◆ **WHAT IS NEEDED**
Pictures stay out of the copy. Repeat exactly the lines from the first entry below through the line that contains "Used auto part", and nothing beyond.

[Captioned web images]
[Start of Attachment]

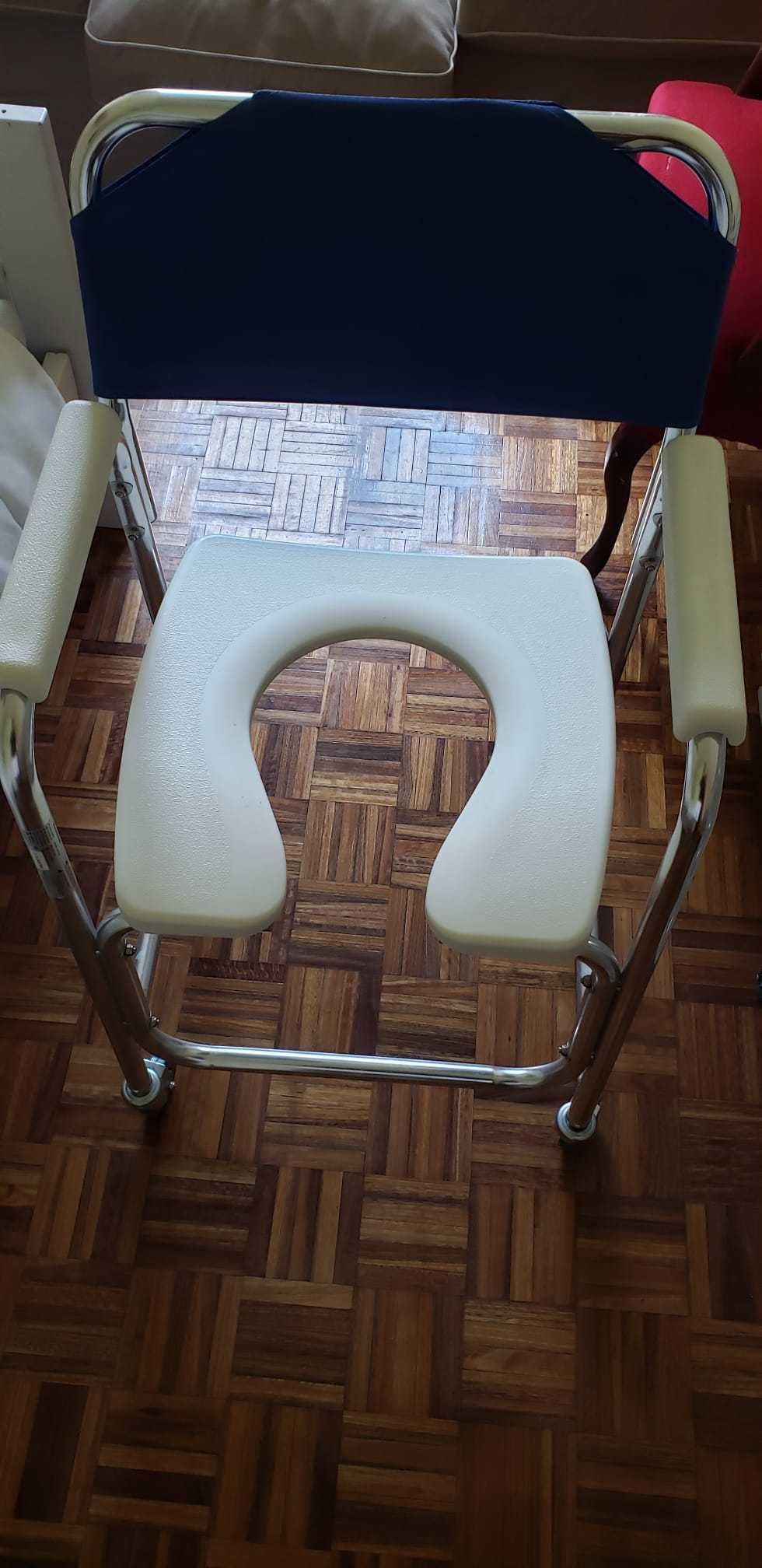 Cadeira WC | Rodas | Cadeira de Rodas para Banho | Alumínio | Queralto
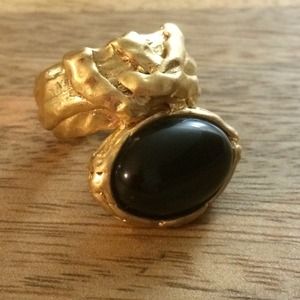 Cabochon Black Onyx and Gold ring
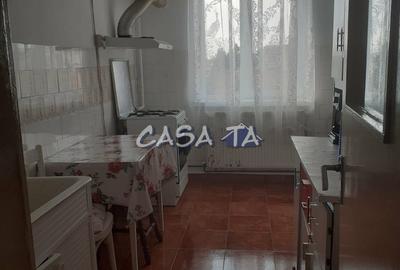 Apartament cu 4 camere decomandat, mobilat în Unirii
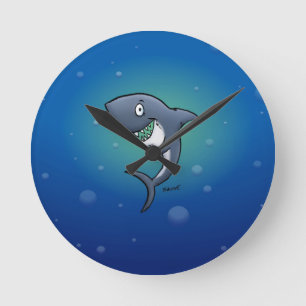Horloge Ronde Sourire un requin drôle sur un Arrière - plan bleu
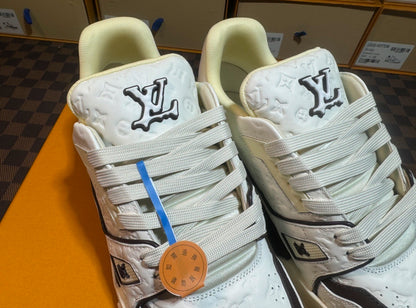 LV TRAINER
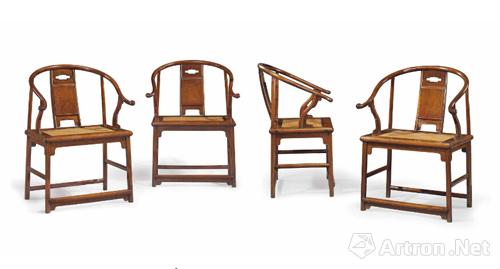 Ming Dynasty horseshoe-back chairs from the Robert Ellsworth collection, one of the most valuable collections of Asian art in the West. (Photo/Artron.net)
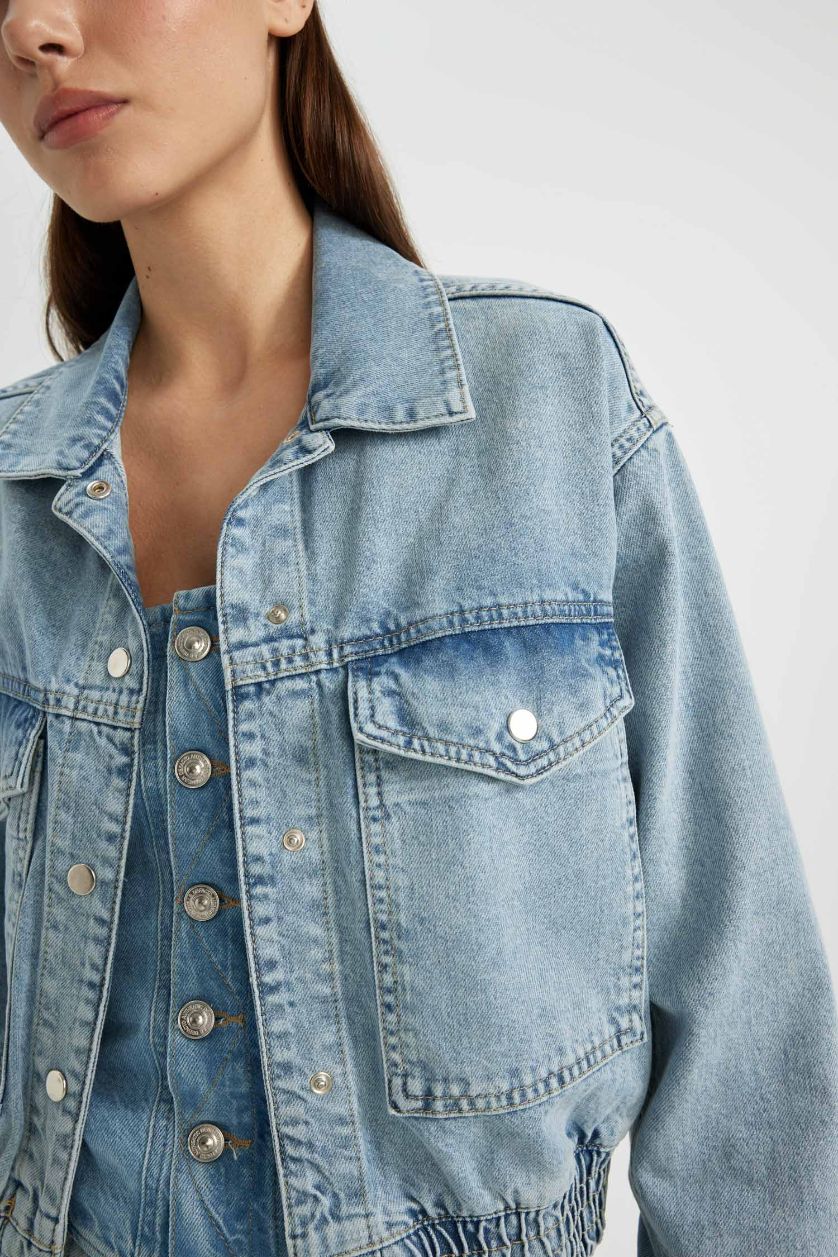 نساء نيلي فاتح Jacket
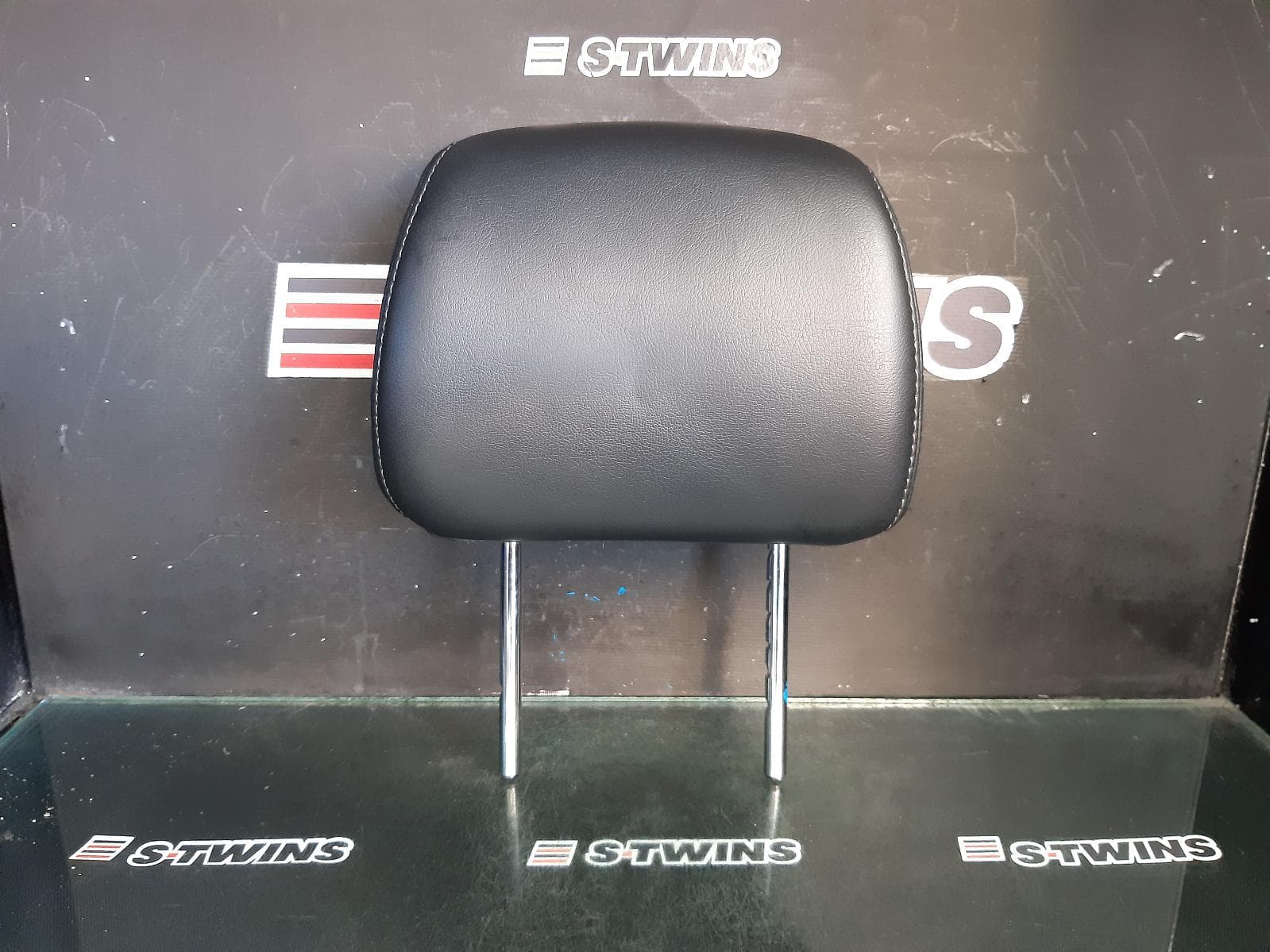 Used auto part listing image: 2015 NISSAN PATHFINDER HEADREST LH FRONT, LEATHER, R52, 06/13-04/21 0000342573
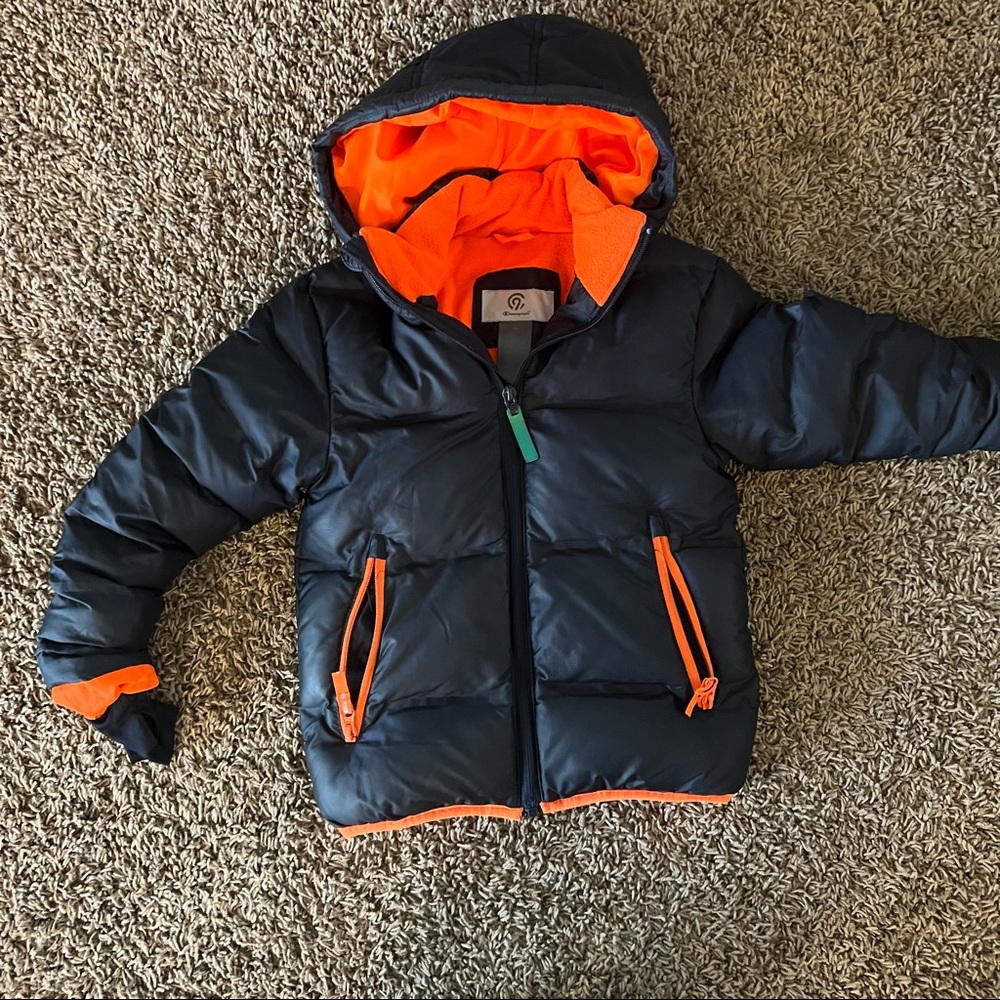 Boys winter coat, size XS, like new!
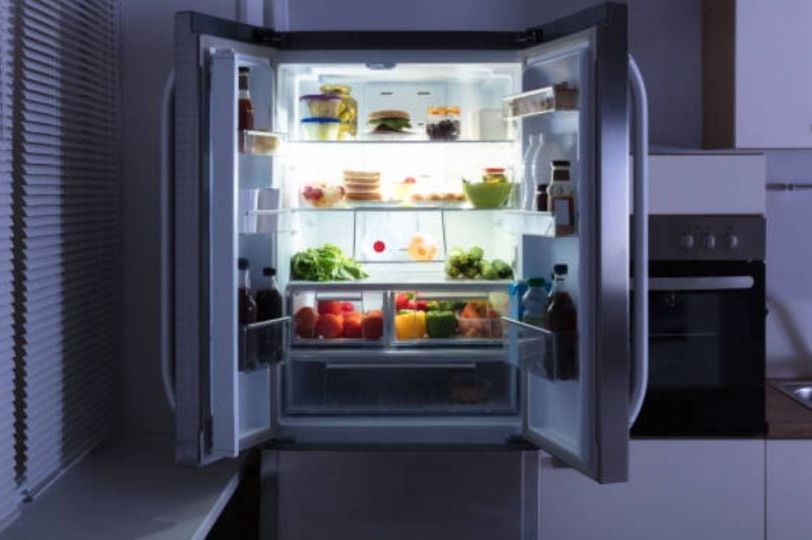 Znate li čemu služi donja ladica u frižideru? Većina misli da je namijenjena za povrće, ali griješe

[End of Attachment]

◆ **SOLUTION**
 Cadeira WC | Rodas | Cadeira de Rodas para Banho | Alumínio | Queralto
 Cabochon Black Onyx and Gold ring
 Apartament cu 4 camere decomandat, mobilat în Unirii
Horloge Ronde Sourire un requin drôle sur un Arrière - plan bleu
 LV TRAINER
 Ming Dynasty horseshoe-back chairs from the Robert Ellsworth collection, one of the most valuable collections of Asian art in the West. (Photo/Artron.net)
 نساء نيلي فاتح Jacket
 Used auto part listing image: 2015 NISSAN PATHFINDER HEADREST LH FRONT, LEATHER, R52, 06/13-04/21 0000342573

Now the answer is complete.